Images aside, the whole listing should be written out word for word.

[Recorded data Boundary: Start]

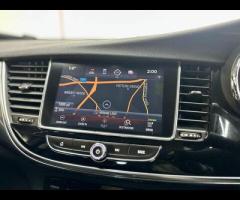 Vauxhall Mokka X This 2017 Vauxhall Mokka X i Turbo Design Nav boasts exceptionally low mileage for - 30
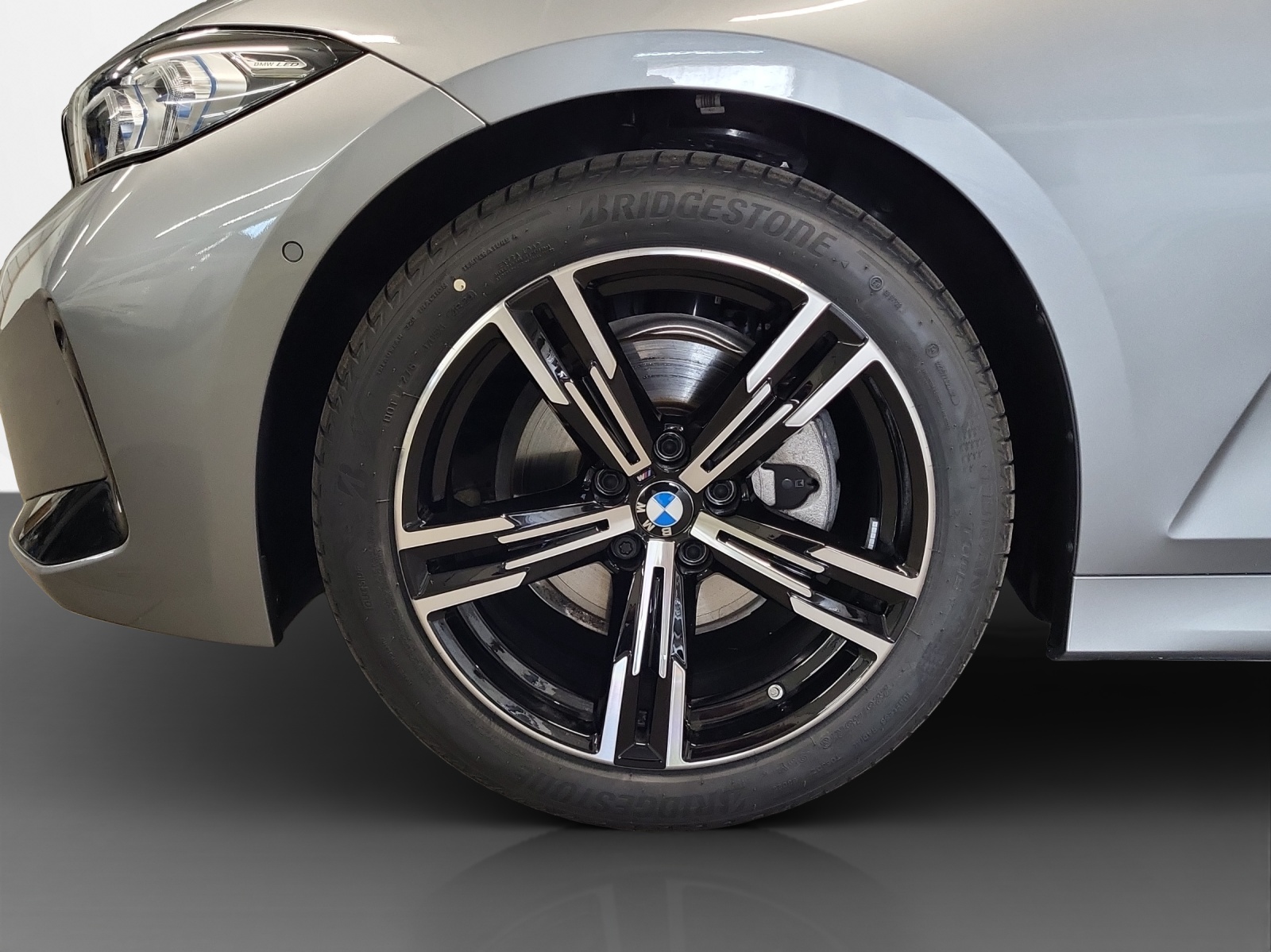BMW 320d xDrive 48V Touring Steptronic M Sport-image-8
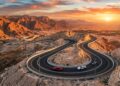Com 7 km de subida e 60 curvas fechadas, a estrada nos Emirados Árabes escala 1.200 metros de altura em pleno deserto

[Recorded data Boundary: End]

Answer to the problem:
 Vauxhall Mokka X This 2017 Vauxhall Mokka X i Turbo Design Nav boasts exceptionally low mileage for - 30
BMW 320d xDrive 48V Touring Steptronic M Sport-image-8
Com 7 km de subida e 60 curvas fechadas, a estrada nos Emirados Árabes escala 1.200 metros de altura em pleno deserto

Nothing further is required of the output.